Your past made you what you are and to argue otherwise is, to me, a concession that you feel like you will be judged harshly for what you have done.

For the OP…simply stated, your husband has some serious anger issues.

Being unhappy with a FWB situation is certainly fine.

I personally find the whole idea repulsive and would think less of my wife if she had one in her past.

But there is a point at which you express your distaste for it, but accept that it happened, and decide just how important that past is to your estimation of the person you are with now.

I think you guys needs counseling and he needs some anger management strategies, pronto.


----------



## Jellybeans (Mar 8, 2011)

I Don't Know said:


> For example if every man you've slept with you waited around one month, but slept with Joe in 1 week. We would assess that you were highly attracted to Joe.
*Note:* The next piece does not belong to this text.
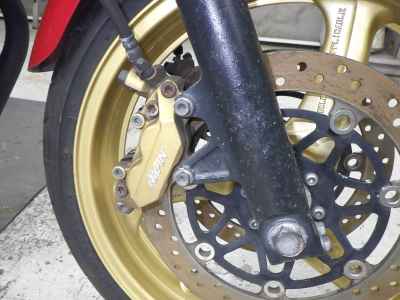 Honda CB400 Super Boldor 2006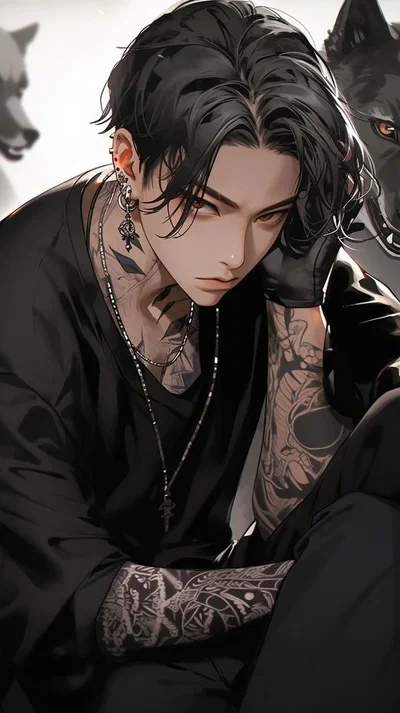 Kung |Tattoo artist|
He could have just not married her if he was so hung up on whether she had sex with someone before him. It goes both ways though.



Mr.Fisty said:


> Sorry to say, but he is using that to manipulate you. It is a power play.
> 
> Think of it as an ace, he plays that card when his own issues has arisen. When he feels insecure, he attacks you for it. It is easier to attack you than realize the fragile egotistical person that he is.
> 
> ...


:iagree:

Ms. Fisty nailed this. It's pretty clear from the outside that he does this to put you down but it's his issue ultimately. OP is jumping through hoops trying to make him feel ok about something that is over and done with.


----------



## Icey181 (Apr 16, 2015)

Happilymarried25 said:


> You are right, your sex life before you met him is none of his business. Don't talk about with him. This is a man thing, I have seen other men on this board post how many years after they have been married that they are still upset about the number of men their wives slept with before they were married. It's stupid. People need to make the past the past.


Yeah.

Men who think sex is a significant emotional investment meant for serious relationships have absolutely no right to look for that in a partner, and sure as heck have no right to inquire into their _wive's_ past to make sure they have the same views.
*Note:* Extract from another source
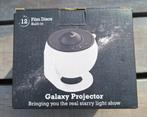 Galaxy Projector met 12 filmdiscs - Nieuw in doos, Ophalen, Elektrisch, Nieuw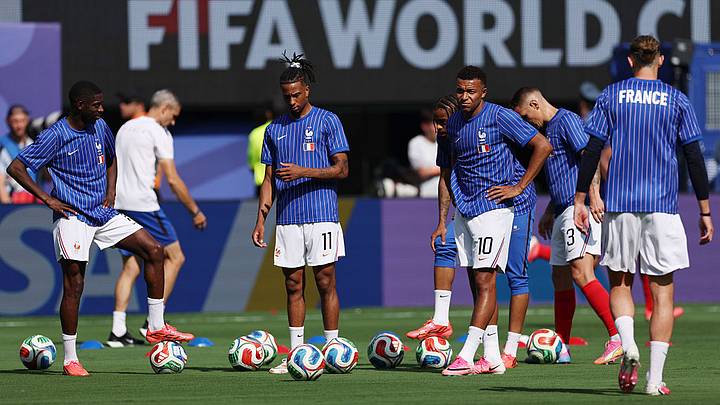 Dembélé, Olise y Mbappé han sido lo más temible del Mundial 2026.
How dare such men have standards for acceptable sexual behavior from the person they plan on being with for the rest of their lives…


----------



## SecondTime'Round (Jan 15, 2015)

Icey181 said:


> Yeah.
> 
> Men who think sex is a significant emotional investment meant for serious relationships have absolutely no right to look for that in a partner, and sure as heck have no right to inquire into their _wive's_ past to make sure they have the same views.
> 
> How dare such men have standards for acceptable sexual behavior from the person they plan on being with for the rest of their lives…


He has a right to have that standard, but he knew, married her anyway, and now holds it over her head, and probably will forever. That's the unfair part.


----------



## DandyJuniper (Jan 27, 2015)

I Don't Know said:


> Yep. If you have uncommitted no strings sex with another guy and "make" another wait 6 months, the one who waited is going to have a problem with that a majority of the time. Retroactive Jealousy or not. I'd say in general men evaluate how sexually attracted you are to them by how quickly you sleep with them and adjust according to your own value system.
> 
> For example if every man you've slept with you waited around one month, but slept with Joe in 1 week. We would assess that you were highly attracted to Joe.
> 
> ...



You're assuming that I didn't know this FWB prior to the arrangement. He had been pursuing me for years (around 4) and eventually after being recently single and bored, I agreed to further explore with the condition that it wouldn't be an emotional relationship. By your assessment, it would be fair to assume that I was not even remotely attracted to this FWB, which in many regards, is true. 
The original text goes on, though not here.